Typography and Religion in the De Stijl Movement

Carl Shank • July 8, 2025

The De Stijl (Dutch for “The Style”) typographical and art movement emerged around 1917 and significantly influenced modern art, design and thought itself. In the wake of the chaos of World War I, the movement sought to express a new vision of harmony and order. De Stijl was not just an art style, but a comprehensive aesthetic philosophy. It sought universal beauty, as abstracted from individual beauty, and a visual language and typography based on simplicity, geometry and primary colors, namely red, blue and yellow. 


Its core characteristics were the use of straight horizonal and vertical lines, the use of rectangles and squares, an emphasis on asymmetry, and the favoring of pure abstraction. De Stijl was deeply influenced by the philosophy of Neo-Plasticism, a theory developed by Piet Mondrian, which sought to depict reality in a pure, universal form. Behind this philosophy was the religious thrust of Theosophy, particularly the spiritual writings of Helena Blavatsky (1831–1891) and Rudolf Steiner (1861–1925). 
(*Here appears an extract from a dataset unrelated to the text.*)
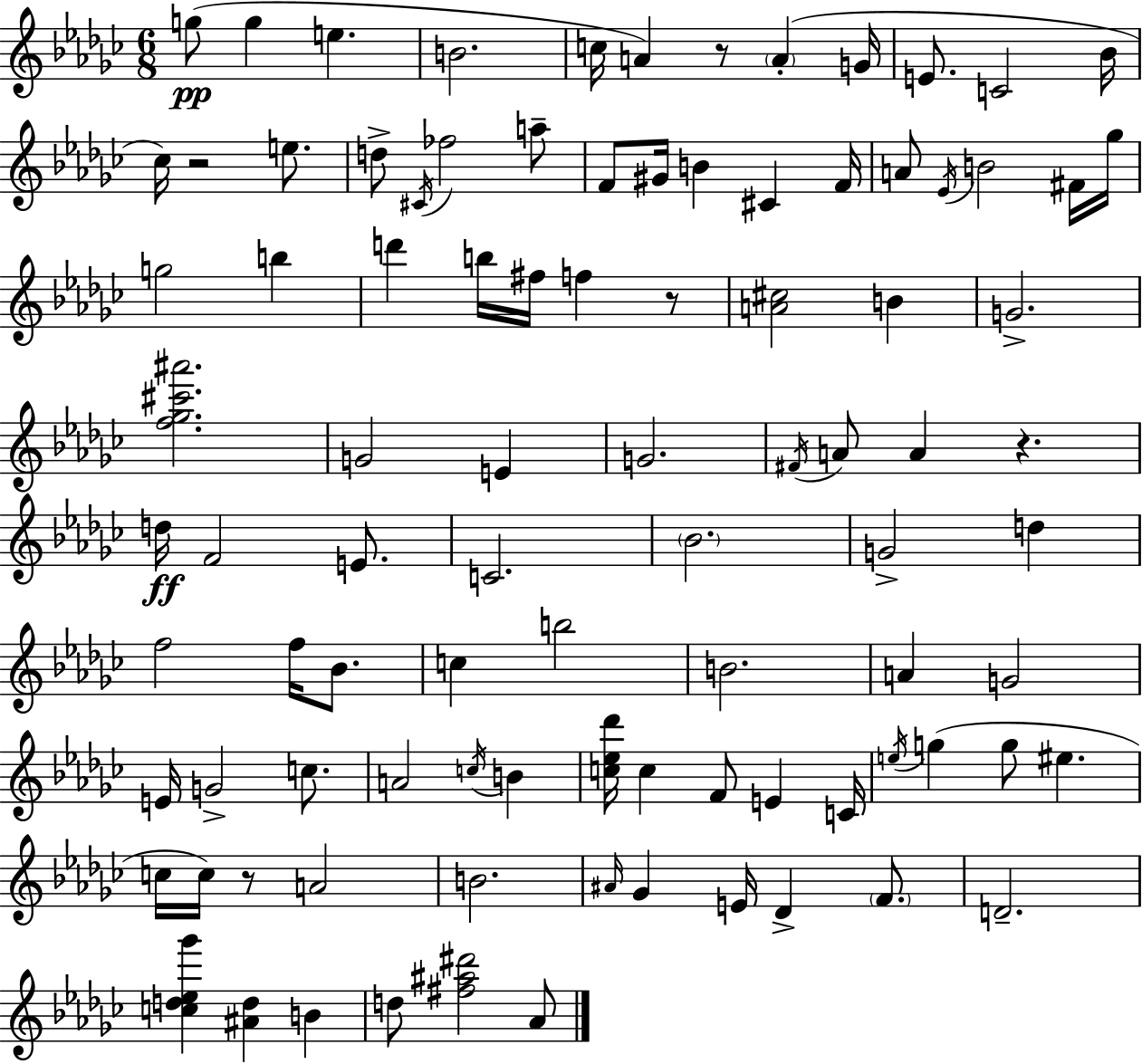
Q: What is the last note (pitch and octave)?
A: Ab4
Typography and art have always been influenced by religious thought.(1) The early monks before Gutenberg’s printing press, carefully penned religious inspired versals (opening letters to written works). The Lindisfarne Gospels composed in the eighth century featured fantastic hand-crafted art and lettering. Printers in the Gutenberg era wrote books with what are called “printers’ marks,” symbolizing the cross of Christ with a globe and initials at the bottom indicating a humble submission to the Lordship of Jesus Christ over the earth and its inhabitants, inclusive of the printers themselves.(2)


Victorian ornamentation advanced type and art that spoke loudly of the rule of God in life and thought. Art Nouveau artists like Alphonse Mucha (1860–1939) gave us posters from a devoutly religious Catholic lifestyle — “For me, the notions of painting, going to church, and music are so closely knit that often I cannot decide whether I like church for its music, or music for its place in the mystery which it accompanies.” The movement of Dadaism gave way to the beauty of Constructivism, which in turn birthed Bauhaus functionalism and eventually Swiss Type beauty in the enduring work of the religious Calvinist, Adrian Fruitger and the Univers typeface.(3)


It should therefore be no surprise that De Stijl with its ideas of grid systems, sans-serif type and minimalism had its roots in spiritual thought and philosophy. However, unlike early typography and art, De Stijl sought to remove the “particular” (the individual, the emotional, the narrative) and express the “universal” — timeless and absolute truths through plastic means (form, color, and space). Led by a belief system rooted in Eastern religions, occult practices, esoteric traditions, like Gnosticism and Neoplatonism, reincarnation and “secret” teachings, this syncretistic teaching led Piet Mondrian (1872–1944) to develop Neo-Plasticism, the theoretical backbone of De Stijl.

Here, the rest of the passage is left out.